Students at some of the world's leading business schools, including Kellogg School of Management, Insead and The Wharton School, have demanded refunds on their tuition payments amid online classes they said are not worth the exorbitantly high fees they paid to attend the schools in person, according to the Financial Times.
The classes have to take place online for now because of the coronavirus pandemic, but students at some schools said using Zoom or other such platforms just isn't the same as being on campus learning.
Smith Kachhy, a student at Insead, said the crisis had laid bare that the school clearly doesn't care about them, adding that the students weren't sure if they would even be able to find work with their expensive degrees after graduating due to the global turmoil that has left much of the world's usual institutions in a state of uncertainty.
As such, a petition at The Wharton School has around 900 signatures for refunds. Tuition costs there can be up to $160,000 for a two-year degree.
And at Stanford's Graduate School of Business, which can cost $150,000 for a two-year MBA program, a similar petition has been signed by 80 percent of the class. Kellogg and Insead have petitions as well.
Insead Dean Ilian Mihov said the school had been "flexible" on payment and admission deadlines, so things could continue during the pandemic. However, the school did not comment on "individual requests" for tuition refunds.

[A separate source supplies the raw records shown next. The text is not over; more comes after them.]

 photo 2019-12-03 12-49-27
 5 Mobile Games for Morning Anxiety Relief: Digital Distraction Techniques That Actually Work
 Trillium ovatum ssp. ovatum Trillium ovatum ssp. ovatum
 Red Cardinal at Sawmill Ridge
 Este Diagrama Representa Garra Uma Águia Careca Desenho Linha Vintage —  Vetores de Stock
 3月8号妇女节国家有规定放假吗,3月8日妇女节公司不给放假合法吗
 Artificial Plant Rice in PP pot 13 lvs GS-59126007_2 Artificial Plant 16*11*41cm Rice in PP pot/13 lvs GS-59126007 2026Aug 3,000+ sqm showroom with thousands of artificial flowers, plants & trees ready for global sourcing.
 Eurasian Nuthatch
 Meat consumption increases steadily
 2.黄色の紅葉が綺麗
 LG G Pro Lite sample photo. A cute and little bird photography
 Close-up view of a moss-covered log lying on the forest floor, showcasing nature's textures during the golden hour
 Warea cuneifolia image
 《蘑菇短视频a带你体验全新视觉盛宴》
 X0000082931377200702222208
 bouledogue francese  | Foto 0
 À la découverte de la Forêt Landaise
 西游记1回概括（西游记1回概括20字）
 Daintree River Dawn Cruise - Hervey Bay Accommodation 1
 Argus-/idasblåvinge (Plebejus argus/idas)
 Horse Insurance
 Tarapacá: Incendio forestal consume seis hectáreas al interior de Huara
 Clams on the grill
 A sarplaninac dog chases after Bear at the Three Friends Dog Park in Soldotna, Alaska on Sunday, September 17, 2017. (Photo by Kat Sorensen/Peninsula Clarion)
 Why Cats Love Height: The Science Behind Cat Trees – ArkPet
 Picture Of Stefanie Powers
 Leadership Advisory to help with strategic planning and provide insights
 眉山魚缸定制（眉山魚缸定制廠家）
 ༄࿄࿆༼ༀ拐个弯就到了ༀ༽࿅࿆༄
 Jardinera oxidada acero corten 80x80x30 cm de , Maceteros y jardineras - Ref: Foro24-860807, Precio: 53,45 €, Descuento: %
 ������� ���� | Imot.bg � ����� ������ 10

First-year Kellogg MBA student Vyasa Shastry said he and other students felt powerless against the increasing use of online lectures and said he wished the school would reduce tuition at the least. Kellogg said in a statement that it was "confident" that the value of its degrees would be the same as it always had been, despite the conditions in the rest of the world.
The cost of a full-time MBA degree is often very high as it is expected that MBA degrees often lead to high-paying jobs after graduation. Sometimes, the costs of the degree, with fee increases and living expenses, can be as high as $250,000.
Although students' attempts to reduce tuition may not have come to anything yet, colleges and universities have been waiving rent for businesses on their properties.